While that makes sense to a point and we did tip over a coaster with a deck load of lumber in Leningrad due to lack of ballast, but we recovered, lucky for us the lines kept us from rolling all the way. I am not sure I agree a hundred percent. The ballast on the wrong side of the ship will certainly introduce heeling? and if there is already too much weight on that side effect stability to the point of capsizing?

In that vein here is an article about a Jumboship accident in Albany, NY-USA in 2004, when reading it slowly one becomes a bit suspicious of the heeling tanks...
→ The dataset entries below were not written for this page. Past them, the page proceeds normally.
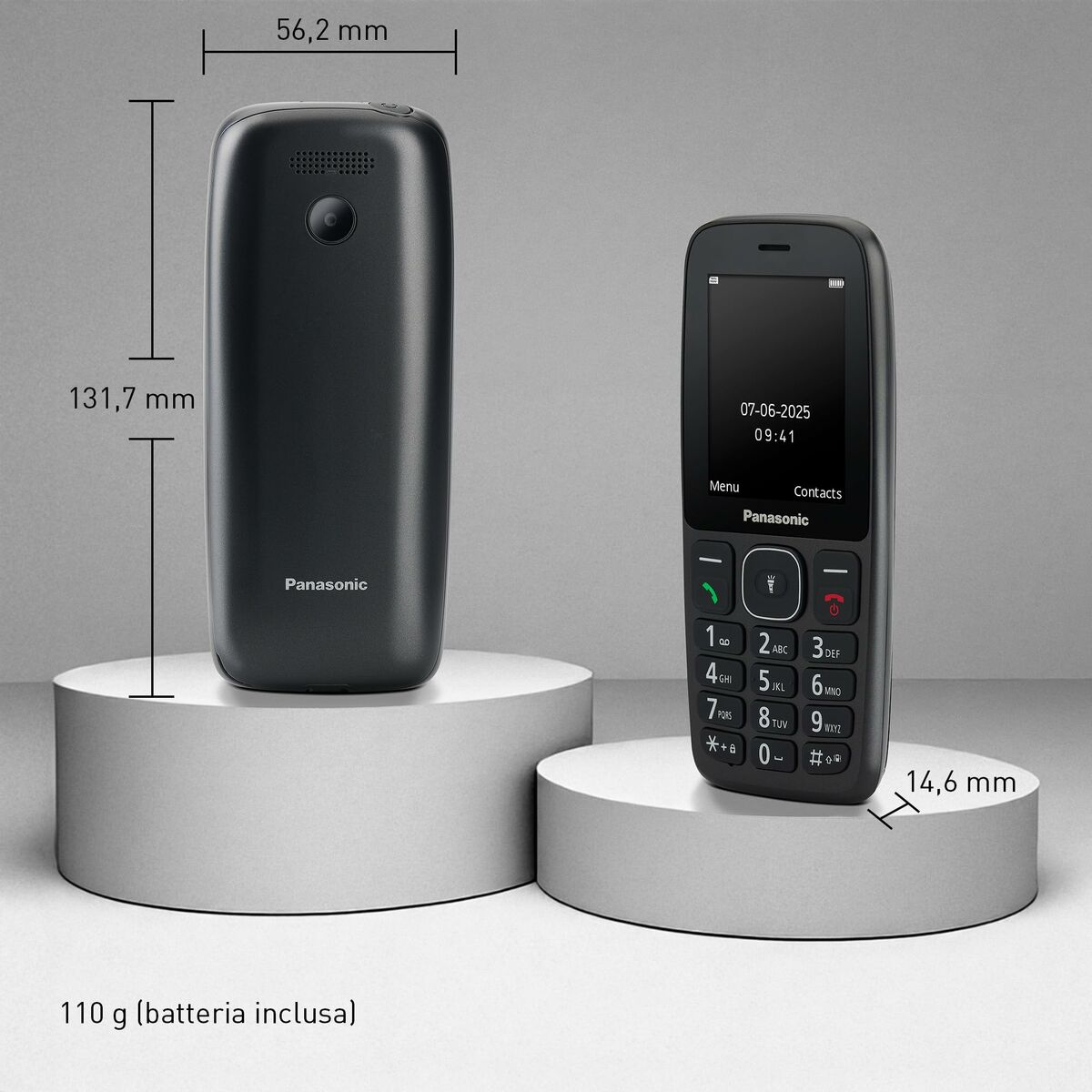 Mobile telephone for older adults Panasonic KX-TF400EXB
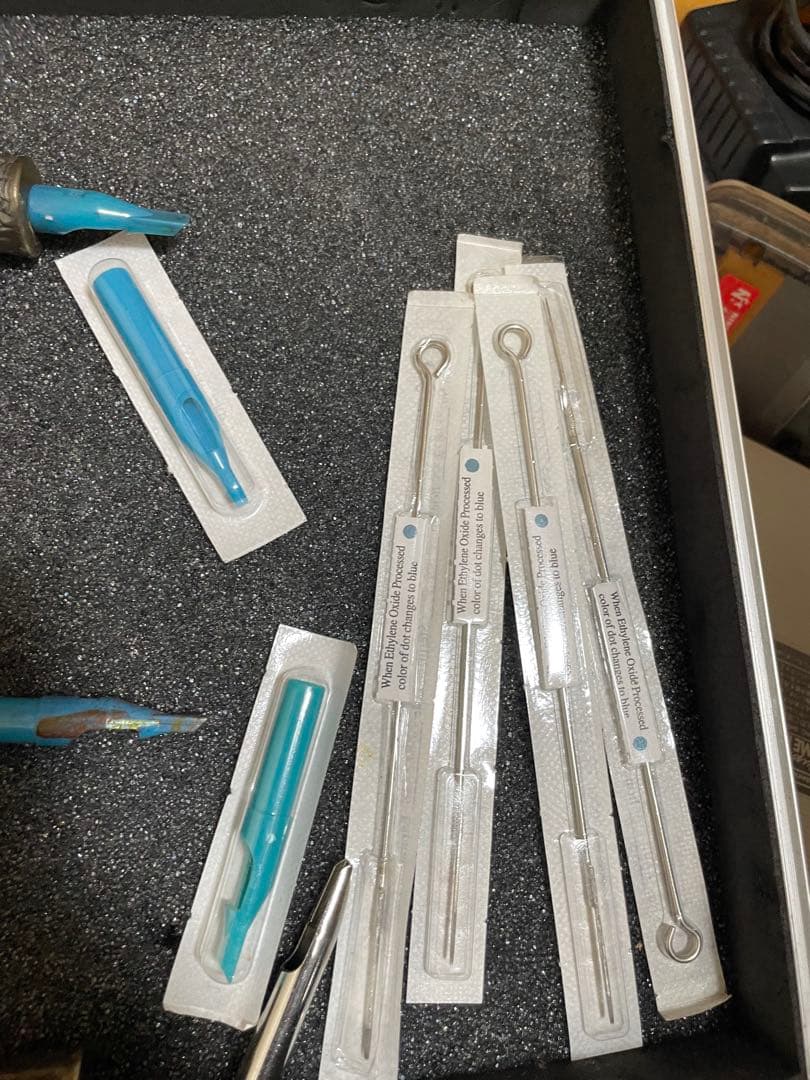 タトゥー マシンセット パワーサプライ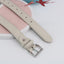 Simple Pin Buckle Skinny Belts Solid Color PU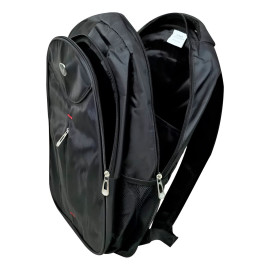 Mochila Preta Reforçada Yepp Trabalho Escola Passeio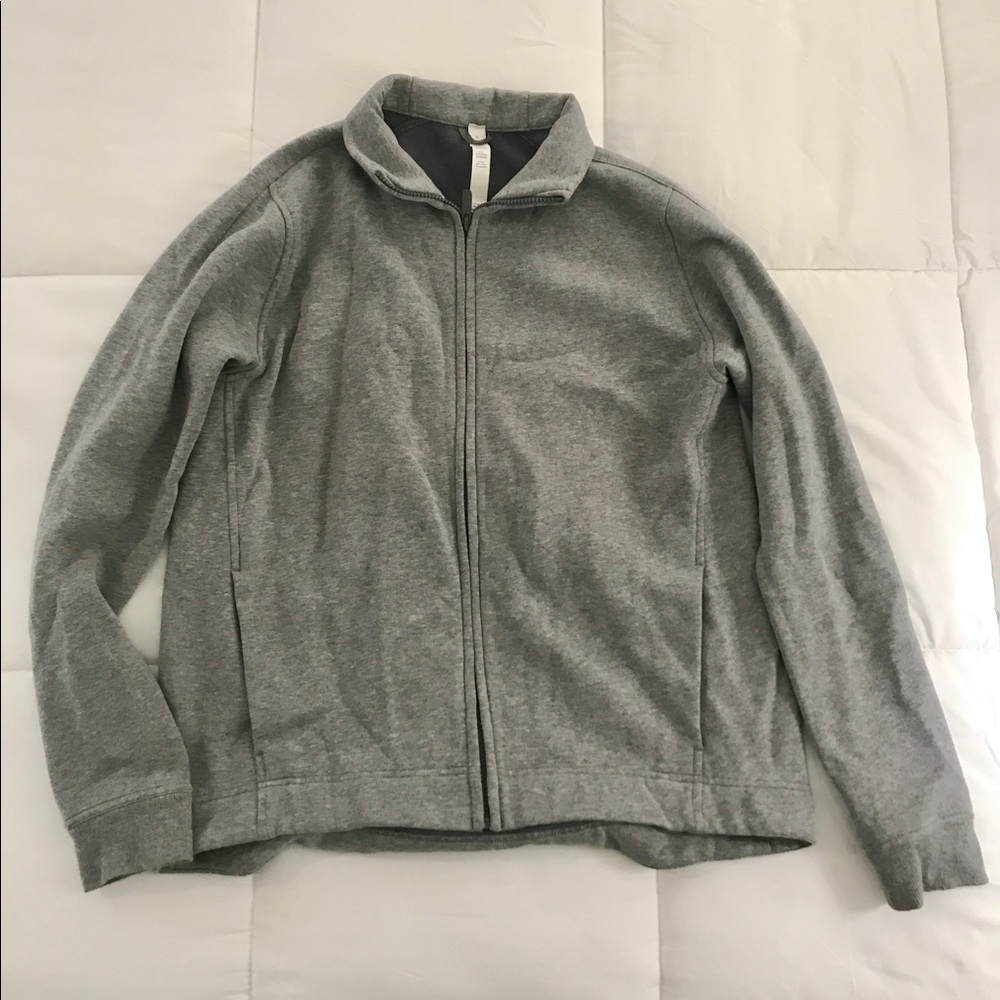Lululemon Grey Athletic Jacket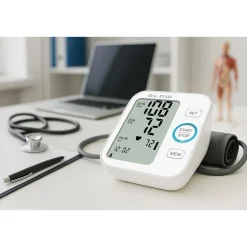 Ciśnieniomierz elektroniczny Blow PM-01, mankiet 22-40 cm, pamięć 240 pomiarów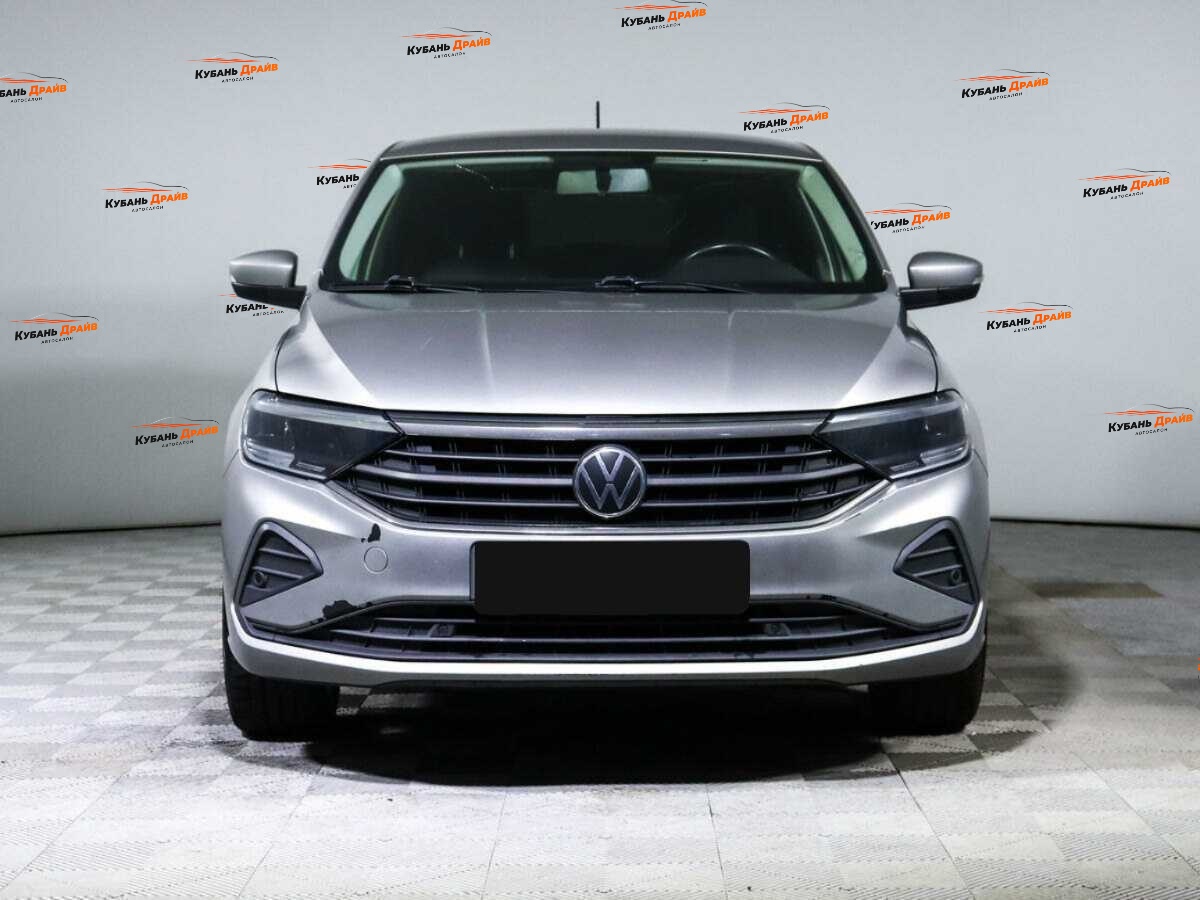 Volkswagen Polo 2021 года с пробегом. Фото: #1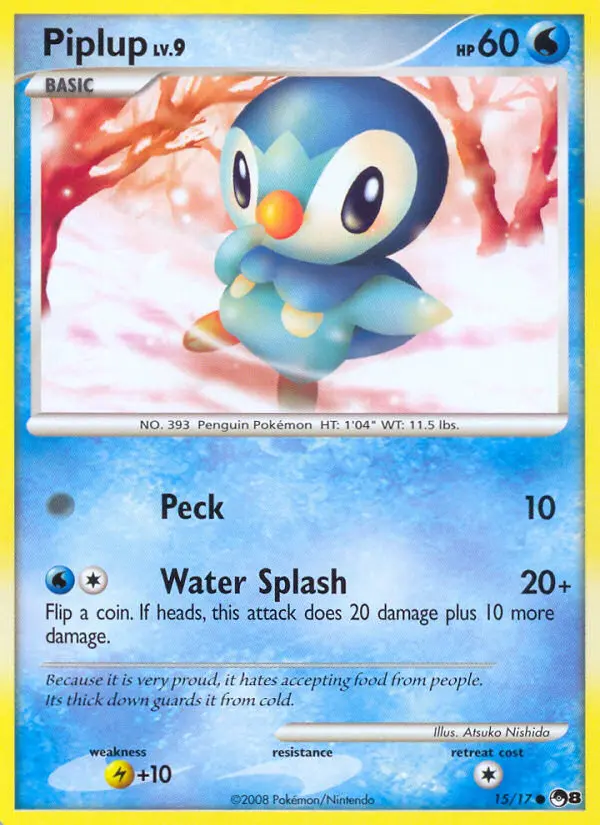 Piplup, POP Series 8 15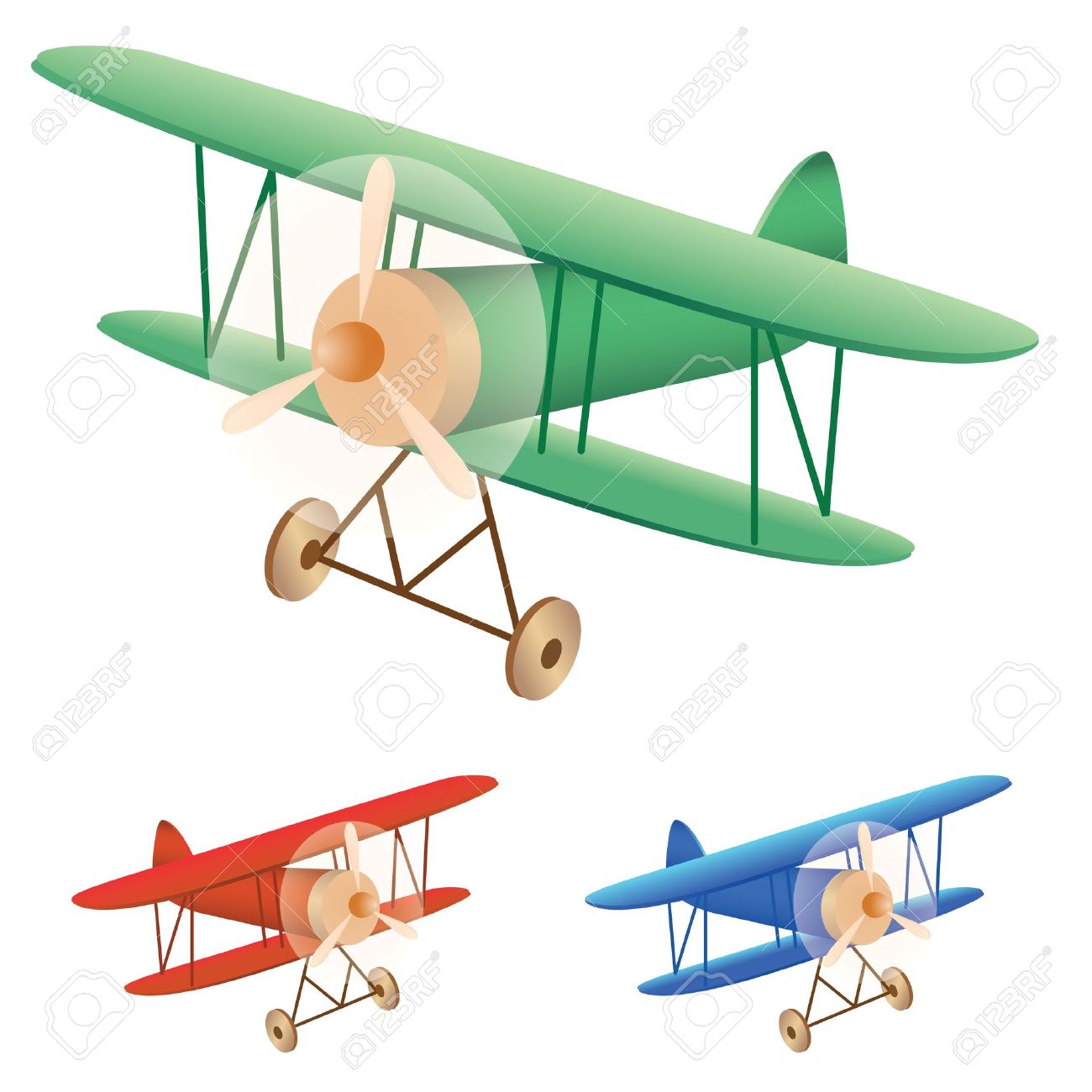 1300x1300 Aviation Clipart Old Plane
http://www.findarticles.com/p/articles/mi_qa4442/is_200407/ai_n16065376


----------



## Cisco

Point taken from randc.....one little problem does not make a capsize..but combine heeling tank problems with a tender ship.....more tender than in her seagoing state....with unlashed cargo...with sill immersion....

I recall a big swedish ro ro...new ship...at anchor off Famagusta in the late 70's iirc...took several days to roll over but roll over she eventually did.


----------



## UmbornePirate

*Salvage Contract Awarded*

I see Smits have been awarded the Salvage Contract

Pirate


----------



## Hawkeye

Hi



Cisco said:


> Point taken from randc.....one little problem does not make a capsize..but combine heeling tank problems with a tender ship.....more tender than in her seagoing state....with unlashed cargo...with sill immersion....
> 
> I recall a big swedish ro ro...new ship...at anchor off Famagusta in the late 70's iirc...took several days to roll over but roll over she eventually did.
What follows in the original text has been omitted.